Source material
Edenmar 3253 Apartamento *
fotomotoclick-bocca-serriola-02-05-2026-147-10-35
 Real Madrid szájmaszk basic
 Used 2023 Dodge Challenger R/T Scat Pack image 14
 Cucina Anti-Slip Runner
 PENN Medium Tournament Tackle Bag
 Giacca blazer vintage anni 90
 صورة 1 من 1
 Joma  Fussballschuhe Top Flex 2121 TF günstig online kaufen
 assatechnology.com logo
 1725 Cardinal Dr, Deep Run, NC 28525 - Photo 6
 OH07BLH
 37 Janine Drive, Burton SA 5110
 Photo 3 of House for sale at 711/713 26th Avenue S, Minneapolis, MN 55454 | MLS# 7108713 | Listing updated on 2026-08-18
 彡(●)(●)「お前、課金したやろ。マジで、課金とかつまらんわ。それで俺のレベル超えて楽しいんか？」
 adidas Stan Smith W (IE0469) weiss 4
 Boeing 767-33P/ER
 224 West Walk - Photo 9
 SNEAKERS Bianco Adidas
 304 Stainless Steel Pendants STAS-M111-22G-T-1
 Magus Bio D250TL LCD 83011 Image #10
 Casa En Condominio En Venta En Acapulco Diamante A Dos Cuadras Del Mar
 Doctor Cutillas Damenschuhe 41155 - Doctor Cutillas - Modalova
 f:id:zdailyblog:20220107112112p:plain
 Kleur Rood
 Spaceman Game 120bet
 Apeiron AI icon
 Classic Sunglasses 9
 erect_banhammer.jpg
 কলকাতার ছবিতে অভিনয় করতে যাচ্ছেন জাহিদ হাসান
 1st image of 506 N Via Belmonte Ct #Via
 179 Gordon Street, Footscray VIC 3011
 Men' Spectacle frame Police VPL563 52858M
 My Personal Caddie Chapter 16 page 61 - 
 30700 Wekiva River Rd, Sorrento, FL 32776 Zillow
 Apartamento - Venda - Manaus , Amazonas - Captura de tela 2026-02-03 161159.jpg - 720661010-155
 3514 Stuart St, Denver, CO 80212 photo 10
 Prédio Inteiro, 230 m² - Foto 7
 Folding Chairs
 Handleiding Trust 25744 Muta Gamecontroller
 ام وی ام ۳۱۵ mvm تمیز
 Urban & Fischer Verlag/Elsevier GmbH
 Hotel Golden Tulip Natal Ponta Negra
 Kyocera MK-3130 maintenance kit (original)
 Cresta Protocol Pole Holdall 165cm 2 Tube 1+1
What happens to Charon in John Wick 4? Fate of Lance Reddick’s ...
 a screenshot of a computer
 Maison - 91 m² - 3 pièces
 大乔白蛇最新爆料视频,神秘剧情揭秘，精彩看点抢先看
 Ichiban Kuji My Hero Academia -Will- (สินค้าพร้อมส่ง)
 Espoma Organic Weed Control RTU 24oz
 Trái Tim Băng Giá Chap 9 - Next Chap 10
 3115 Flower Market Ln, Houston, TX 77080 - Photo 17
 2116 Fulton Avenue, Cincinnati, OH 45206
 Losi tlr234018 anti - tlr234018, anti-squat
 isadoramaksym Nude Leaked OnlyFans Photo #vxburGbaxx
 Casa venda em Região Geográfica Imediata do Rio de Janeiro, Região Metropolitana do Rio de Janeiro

About this exercise
When you reach the line containing "Spaceman Game 120bet" in the data above, start copying exactly, and stop after the line containing "What happens to".

Solution to this exercise
 Spaceman Game 120bet
 Apeiron AI icon
 Classic Sunglasses 9
 erect_banhammer.jpg
 কলকাতার ছবিতে অভিনয় করতে যাচ্ছেন জাহিদ হাসান
 1st image of 506 N Via Belmonte Ct #Via
 179 Gordon Street, Footscray VIC 3011
 Men' Spectacle frame Police VPL563 52858M
 My Personal Caddie Chapter 16 page 61 - 
 30700 Wekiva River Rd, Sorrento, FL 32776 Zillow
 Apartamento - Venda - Manaus , Amazonas - Captura de tela 2026-02-03 161159.jpg - 720661010-155
 3514 Stuart St, Denver, CO 80212 photo 10
 Prédio Inteiro, 230 m² - Foto 7
 Folding Chairs
 Handleiding Trust 25744 Muta Gamecontroller
 ام وی ام ۳۱۵ mvm تمیز
 Urban & Fischer Verlag/Elsevier GmbH
 Hotel Golden Tulip Natal Ponta Negra
 Kyocera MK-3130 maintenance kit (original)
 Cresta Protocol Pole Holdall 165cm 2 Tube 1+1
What happens to Charon in John Wick 4? Fate of Lance Reddick’s ...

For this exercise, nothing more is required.